When I originally tried submitting this book for corporate publication, I often compared the experience to walking around a crowded city with a gold brick in my hand and hoping it gets stolen. Once people can see what it is I’ve got, they suddenly want it.
The only barrier is getting them to read the thing. Which, in the case of paid reviews, is quite convenient.
But the danger in this enterprise comes not from the known unknowns.
What Lack I Yet?
I have to admit that not all avenues for marketing Advent 9 are visible to me. There are things I don’t even know I should be trying. This is the part of publishing with which I was pinning all my hopes on David Farland’s expertise. If only he were still alive, I would know better where to focus my efforts.
I do not have him as a resource anymore. But you know who I do have?
You. And I mean all of you.
One man on his own, no matter how smart, is hopeless. But a million minds meeting across the datascape—that is genius.

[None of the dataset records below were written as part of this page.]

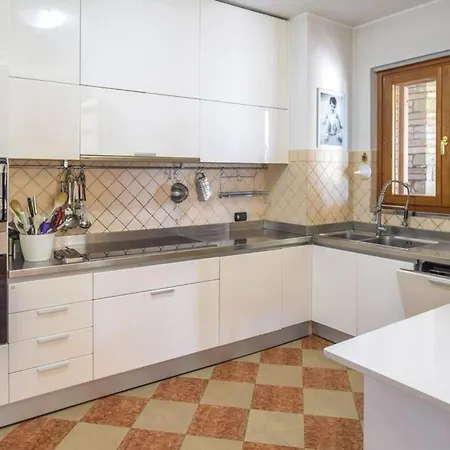 Paradiso By Posarellivillas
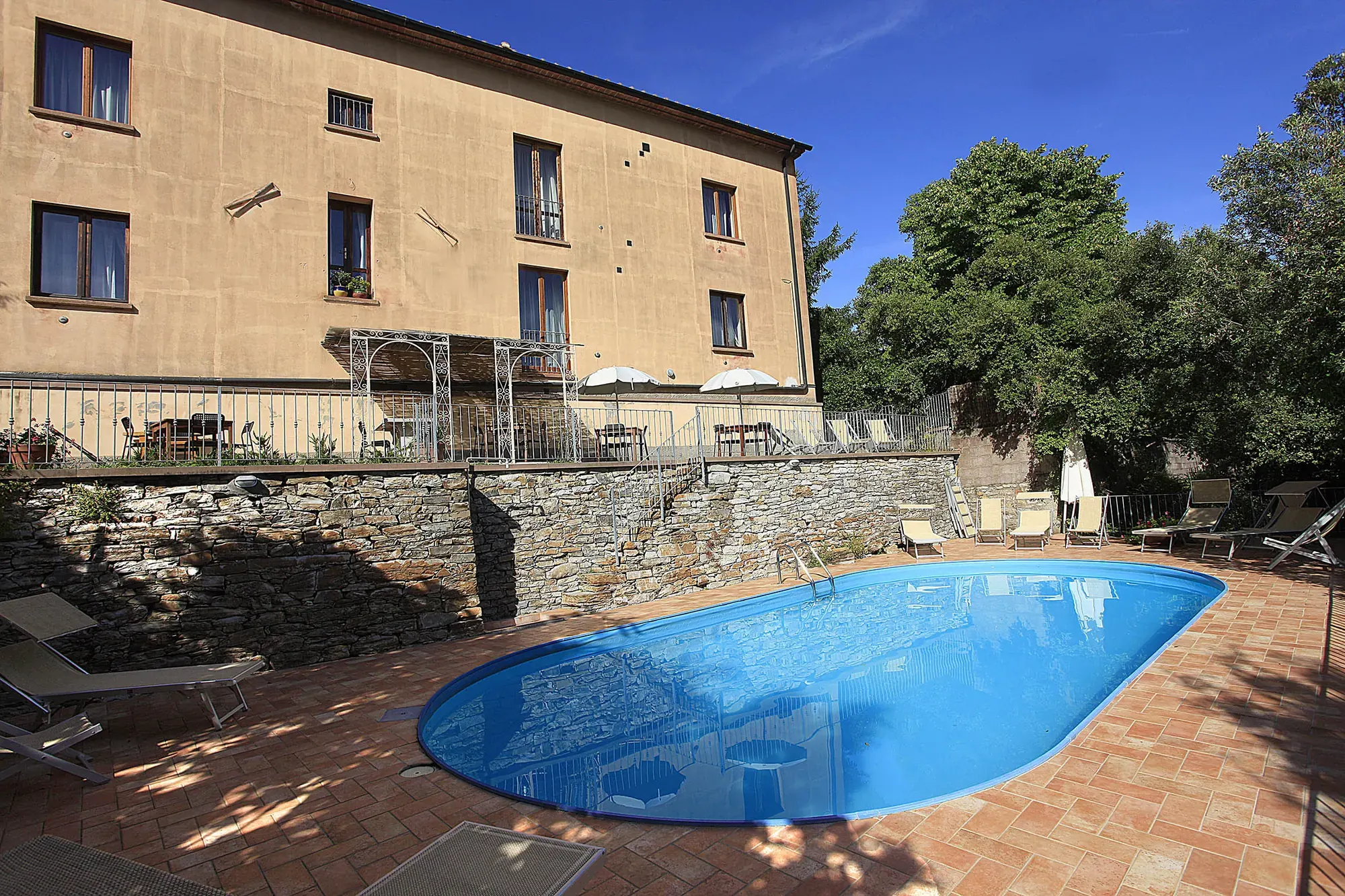 07-02-pino-piscina-facciata-1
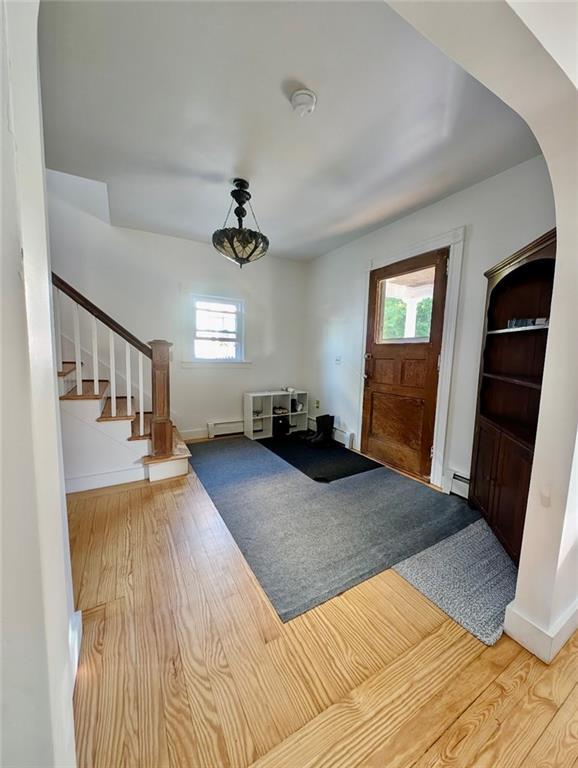 Building Photo - 18 Bedlow Ave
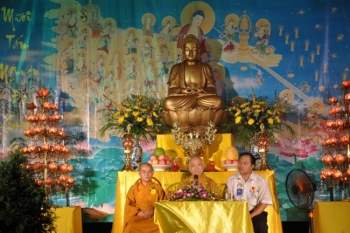 Chùa Kim Long tổ chức đại lễ Vu lan báo hiếu PL 2555 - DL 2011
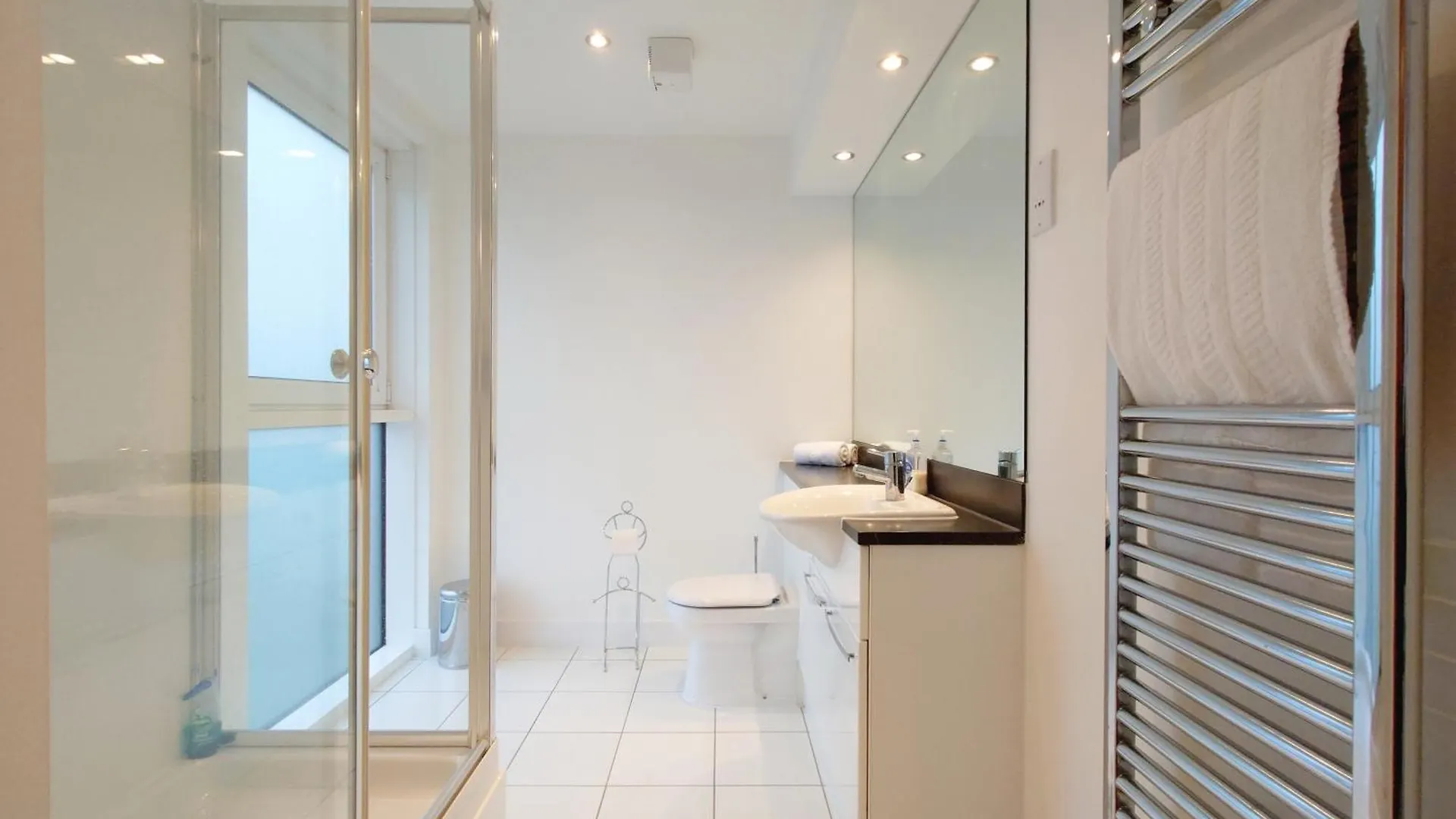 London Excel Stays - Three Bed Serviced Apartment 0*,  United Kingdom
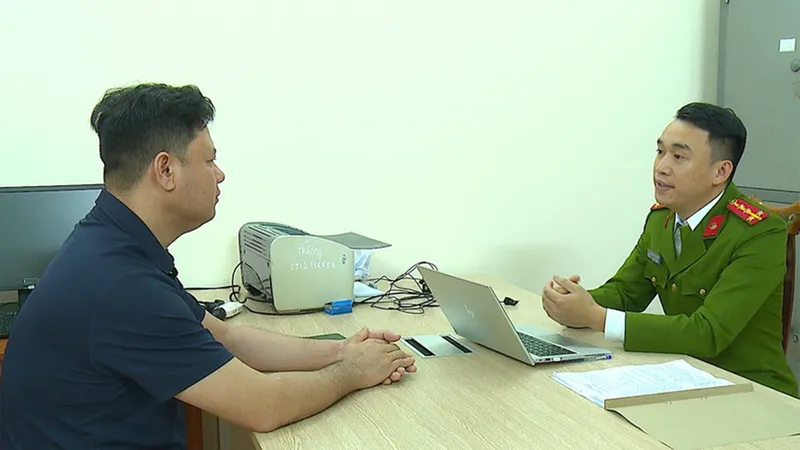 Cơ quan chức năng làm việc với Nguyễn Viết Linh. Ảnh: CACC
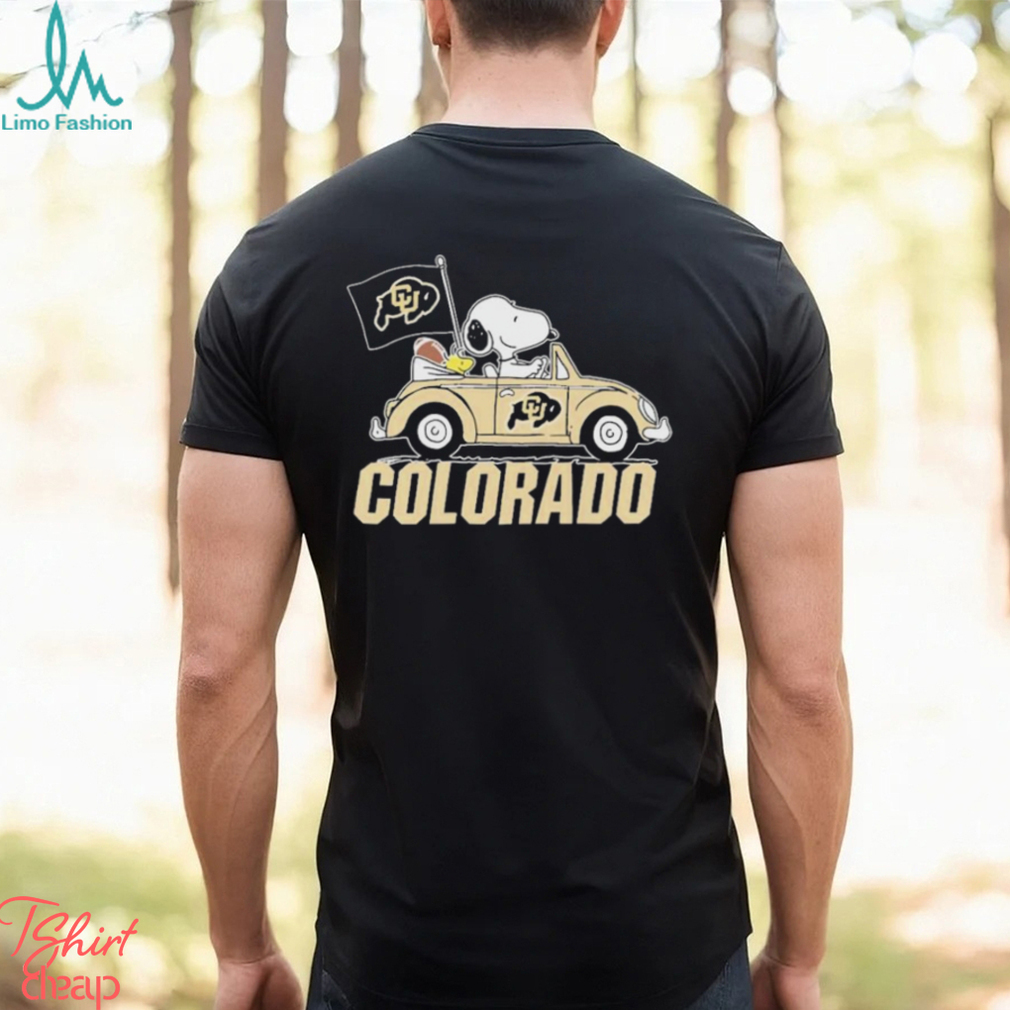 Charlie Brown and Snoopy driving jeep Pittsburgh Steelers shirt, hoodie,  sweater, long sleeve and tank top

If there is anything I am not trying, or that I haven’t mentioned, please leave a comment.
I’m serious. I have all sorts of blind spots, and I am actively looking for input. Leave it on the dotted line.
If not for my sake, than for the sake of a book that deserves recognition. The world is about to have a huge surprise dumped on it. You will not believe what I’ve been carrying around this crowded city for so many years.